Semi-Auto espresso makers came to be thanks to Achilles Gaggia’s 1938 patent, which introduced electric pumps to devices, resulting in even, hands-free water pressure. Because operators can decide when to turn the pump on and off (hence “semi” automatic), and because boiler temperature controls are automated on these makers, this is the most popular type of traditional machine in use today.
Fully-Auto machines are very similar to semi-auto machines, but include an electronic nanny to regulate the amount of water passing through the espresso. It is often the case that fully automatics include redundant semi-automatic controls.
Super Automatic machines have all the bells and whistles, frequently including a built-in grinding apparatus and other related gadgets. Currently, “caffe crema” — essentially espresso-brewed coffee diluted to the strength of regular joe — has come into vogue as a result of the prevalence of super automatic machines.

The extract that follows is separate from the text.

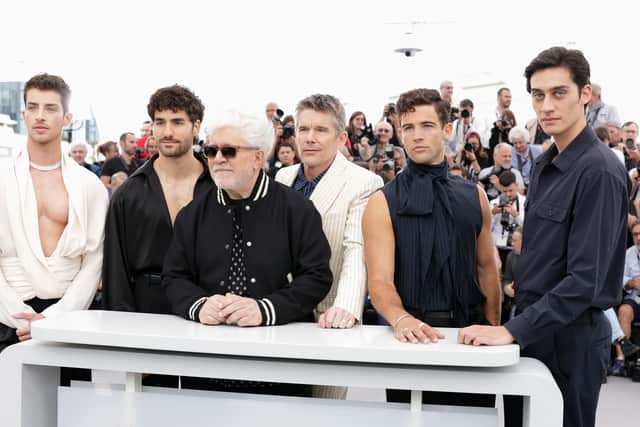 (L-R) Manuel Rios, JosÃ© Condessa, Director Pedro AlmodÃ³var, Ethan Hawke, Jason FernÃ¡ndez and George Steane attend the "Strange Way Of Life" photocall at the 76th annual Cannes film festival at Palais des Festivals on May 17, 2023 in Cannes, France. (Photo by Pascal Le Segretain/Getty Images)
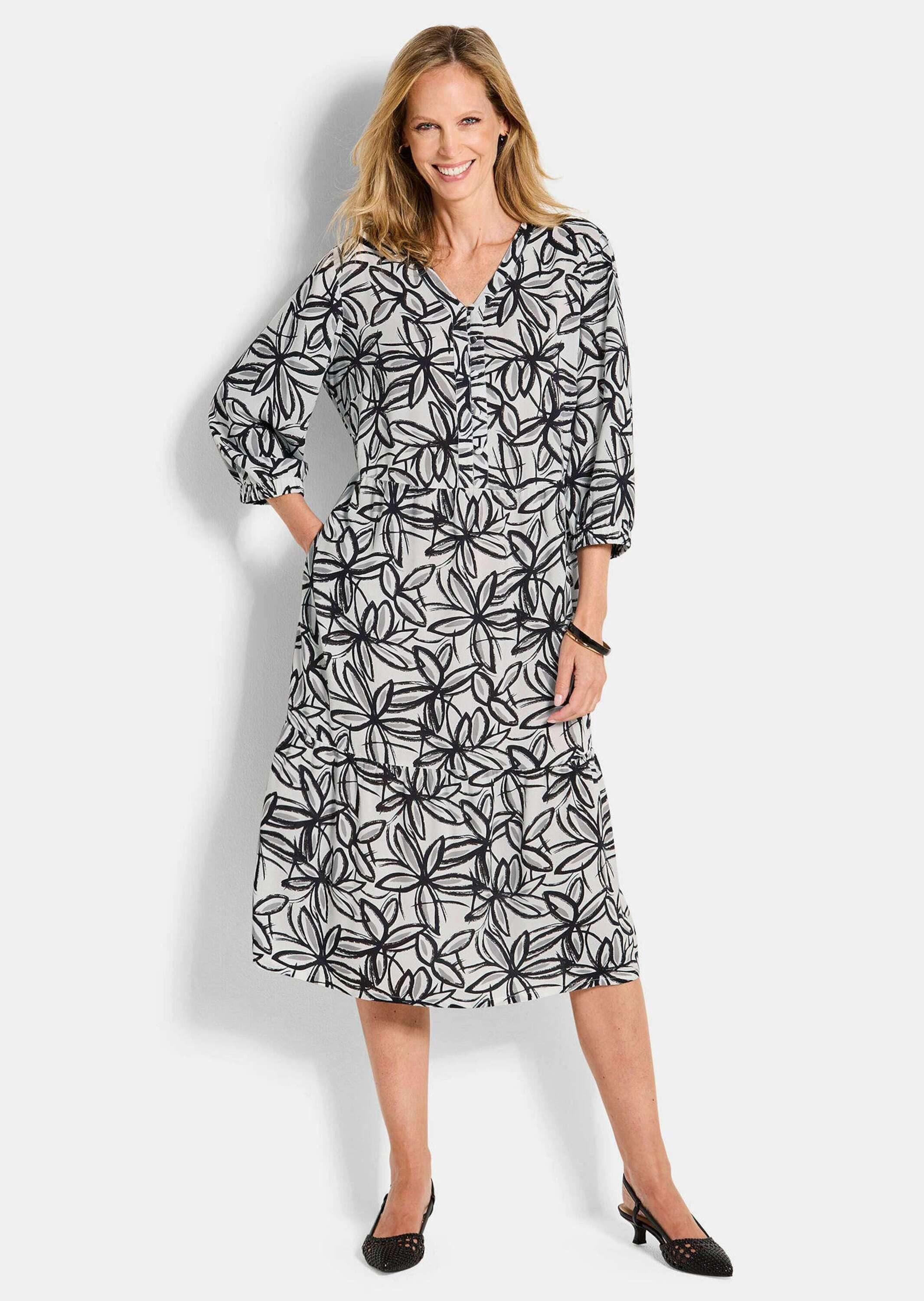 GOLDNER Druckkleid Kurzgröße: Viskosekleid mit floralem Muster Midikleid mit V-Ausschnitt, Knopfleiste, Knielänge und 3/4-Arm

Before You Pull like a Pro, Shop like One
Before you go shopping ask yourself one very important question: What exactly do you want? Since different machines’ faculties and specialties vary, the first step in your espresso-stential journey is asking what types of drinks you’re looking to make (e.g. straight espresso or cappuccino, or both?). Furthermore, depending on how many drinks you want to churn out in one swoop and how often you will be making them, the questions of sustained performance and durability may come more into play. Would you be able to utilize a direct-plumb machine that connects directly to your home’s water pipes? (If not, you’ll simply need to fill the machine’s water reservoir manually.) Because some machines need more juice than others, you’ll also need to determine what kind of power supply you have available.
What can you get for your cash money? Let’s talk boilers. There are three price points to consider, each offering a different boiler configuration with different accompanying mechanicals. Machines under $1,000 are commonly single-boiler, dual-use setups: because these use a single thermostat to control the water temp (switchable from one boiler to the other at the user’s behest), these machines can’t brew and steam milk simultaneously. Above the $1,000 mark, you’ll come across mostly single-boiler, heat-exchanger machines, which feature a larger boiler that keeps water at or around 240 degrees Fahrenheit and make it possible to brew and steam simultaneously. Dual-boiler machines tend to cost well over $2,000, and feature two separate boilers for simultaneous brewing and steaming. While “dualies” seem like the way to go for serious espresso nerds, keep in mind that North American 110V power outlets can’t always handle the needs of these machines (we have to throw Europe a bone every now and then), though North American brands are slowly coming up with new approaches to work in our market.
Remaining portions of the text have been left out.